Что думал Николай Константинович о Хрущеве? Будучи в преклонном возрасте, он так сформулировал свое отношение к человеку, который более десяти лет находился на самой вершине политического олимпа: «Некоторые историки считают, что если я незаслуженно попал в опалу, то у меня должно быть резко отрицательное отношение к Хрущеву. На самом деле это не так. Несмотря на то, что он меня шарахнул, я по-прежнему отношусь к нему уважительно. Все-таки первые пять лет его государственной деятельности были очень активными и плодотворными… К сожалению, после творческого периода работы Никиты Сергеевича наступило время бесконечных реорганизаций. Нельзя было не видеть, что экономика шла к развалу, разлаживалась система управления народным хозяйством, началось снижение темпов экономического роста. И поэтому было принято правильное решение об освобождении от работы Н. С. Хрущева».
Часть третья
ГОСУДАРСТВЕННЫЙ ДЕЯТЕЛЬ
Глава девятая
В СТАНЕ РЕФОРМАТОРОВ
Смена руководства страны привела к серьезным изменениям и в жизни Николая Константиновича. 2 октября 1965 года он был назначен председателем Госплана СССР. На этот раз надолго. Его второе пришествие в Государственный плановый комитет продлилось почти ровно 20 лет. Своего рода рекорд — и личный (ни на одной другой работе он не проработал дольше), и государственный (ни один человек не руководил Госпланом столько времени ни до, ни после Байбакова). Только вдумайтесь — 20 лет!

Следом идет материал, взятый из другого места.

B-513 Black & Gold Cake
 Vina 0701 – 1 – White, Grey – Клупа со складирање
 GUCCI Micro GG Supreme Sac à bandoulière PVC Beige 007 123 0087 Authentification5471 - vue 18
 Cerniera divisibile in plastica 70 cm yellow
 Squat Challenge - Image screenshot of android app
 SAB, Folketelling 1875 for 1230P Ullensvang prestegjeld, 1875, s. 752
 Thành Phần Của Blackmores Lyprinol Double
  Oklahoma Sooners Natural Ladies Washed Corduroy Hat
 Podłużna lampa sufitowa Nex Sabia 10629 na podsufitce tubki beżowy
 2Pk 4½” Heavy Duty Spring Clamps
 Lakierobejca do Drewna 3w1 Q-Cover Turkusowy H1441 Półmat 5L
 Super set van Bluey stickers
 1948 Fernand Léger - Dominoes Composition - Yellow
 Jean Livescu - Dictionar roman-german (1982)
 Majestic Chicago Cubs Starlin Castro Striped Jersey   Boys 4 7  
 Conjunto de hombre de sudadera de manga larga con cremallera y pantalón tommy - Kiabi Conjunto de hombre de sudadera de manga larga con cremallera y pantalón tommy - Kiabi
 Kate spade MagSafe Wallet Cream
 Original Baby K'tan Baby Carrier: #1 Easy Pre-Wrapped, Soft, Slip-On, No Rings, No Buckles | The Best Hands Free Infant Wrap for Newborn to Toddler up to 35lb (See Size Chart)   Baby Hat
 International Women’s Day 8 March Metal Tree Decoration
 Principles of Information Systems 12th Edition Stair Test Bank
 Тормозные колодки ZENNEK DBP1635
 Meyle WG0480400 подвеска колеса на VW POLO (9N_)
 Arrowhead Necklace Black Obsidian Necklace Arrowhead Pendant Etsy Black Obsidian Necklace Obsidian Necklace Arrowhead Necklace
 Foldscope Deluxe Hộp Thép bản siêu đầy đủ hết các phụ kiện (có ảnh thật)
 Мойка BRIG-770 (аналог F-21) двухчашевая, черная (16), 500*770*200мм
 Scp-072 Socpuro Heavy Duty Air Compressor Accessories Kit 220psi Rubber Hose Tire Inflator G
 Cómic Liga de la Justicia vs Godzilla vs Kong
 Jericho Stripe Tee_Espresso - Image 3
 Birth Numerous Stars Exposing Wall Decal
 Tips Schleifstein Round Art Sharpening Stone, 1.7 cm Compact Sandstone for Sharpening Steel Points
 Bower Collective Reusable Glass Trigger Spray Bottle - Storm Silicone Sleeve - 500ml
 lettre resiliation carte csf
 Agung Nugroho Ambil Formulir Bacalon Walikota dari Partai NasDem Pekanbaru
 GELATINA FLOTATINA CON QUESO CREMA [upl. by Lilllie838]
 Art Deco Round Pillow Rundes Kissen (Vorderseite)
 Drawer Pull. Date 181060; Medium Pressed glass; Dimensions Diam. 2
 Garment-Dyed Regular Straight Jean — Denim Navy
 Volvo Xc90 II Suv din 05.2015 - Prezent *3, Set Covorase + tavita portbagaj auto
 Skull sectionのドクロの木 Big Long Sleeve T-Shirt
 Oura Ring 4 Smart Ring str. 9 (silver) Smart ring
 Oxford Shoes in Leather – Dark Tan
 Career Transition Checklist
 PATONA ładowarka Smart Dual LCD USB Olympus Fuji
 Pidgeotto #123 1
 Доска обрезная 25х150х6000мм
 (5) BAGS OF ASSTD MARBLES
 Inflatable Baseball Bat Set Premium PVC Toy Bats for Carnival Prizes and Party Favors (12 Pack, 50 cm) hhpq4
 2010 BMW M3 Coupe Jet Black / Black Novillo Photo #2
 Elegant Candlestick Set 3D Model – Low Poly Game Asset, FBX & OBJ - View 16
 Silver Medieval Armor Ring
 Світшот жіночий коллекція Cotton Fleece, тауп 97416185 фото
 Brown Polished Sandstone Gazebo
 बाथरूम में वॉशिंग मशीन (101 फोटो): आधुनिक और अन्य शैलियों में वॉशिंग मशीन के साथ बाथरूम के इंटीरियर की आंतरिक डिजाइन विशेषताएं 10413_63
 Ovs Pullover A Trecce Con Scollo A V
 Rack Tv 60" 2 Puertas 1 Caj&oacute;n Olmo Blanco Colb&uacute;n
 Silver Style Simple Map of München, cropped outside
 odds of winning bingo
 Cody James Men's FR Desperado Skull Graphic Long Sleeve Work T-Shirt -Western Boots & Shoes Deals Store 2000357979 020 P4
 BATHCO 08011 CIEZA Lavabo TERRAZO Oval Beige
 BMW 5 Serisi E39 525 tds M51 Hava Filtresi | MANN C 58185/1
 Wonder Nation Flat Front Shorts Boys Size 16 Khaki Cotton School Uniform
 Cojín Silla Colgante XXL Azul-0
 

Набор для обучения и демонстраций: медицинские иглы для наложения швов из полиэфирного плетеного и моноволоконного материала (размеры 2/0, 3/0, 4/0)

С детства он хотел быть нефтяником. Родился в Баку, окончил Азербайджанский нефтяной институт, работал на промыслах, в 33 года стал нефтяным наркомом… Даже в хрущевских административных метаниях «тихой гаванью» для него стал Государственный комитет по нефтяной промышленности. После того как на октябрьском Пленуме 1964 года первым секретарем ЦК КПСС был избран Л. И. Брежнев, а председателем Совета Министров СССР — А. Н. Косыгин, Николай Константинович был уверен: «Восстановят отраслевые министерства, и все пойдет своим чередом — родная отрасль, любимое дело». Он не ждал крутых поворотов, но судьба распорядилась иначе.